奇妙な訴え
呉冠賢(ごかんけん)が安定(陝西省)の県知事となった時のことである。ある日、十六、七歳の少年と少女が役所にやって来て、奇妙な訴えを起こした。少年の言い分はこうであった。
「この娘は私の許嫁(いいなずけ)です。両親が私の妻にするために養っておりました。それが両親が死んだ途端、私を捨てて出て行こうとしております」
すると、少女はそれを打ち消した。
「私とこの人は実の兄妹です。両親が死んだ途端、実の妹である私を妻にしようとしているのです」
県知事が少年と少女の姓名をたずねると、二人ともすらすらと答えた。

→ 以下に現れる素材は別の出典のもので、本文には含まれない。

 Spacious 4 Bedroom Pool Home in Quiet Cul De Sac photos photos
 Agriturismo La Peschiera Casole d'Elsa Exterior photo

次いで郷里についてたずねると、
「両親は方々を転々としながら乞食をしておりましたので……」
とはっきりしない。そこで安定に流れてきた乞食達に両親のことをたずねてみると、
「ここに来て数日で亡くなったので、よくは知りません。互いに兄、妹と呼び合っていましたよ」
と言う。許嫁が早くから同居している場合、他人同士でも兄妹のように呼び合うのはよくあることであった。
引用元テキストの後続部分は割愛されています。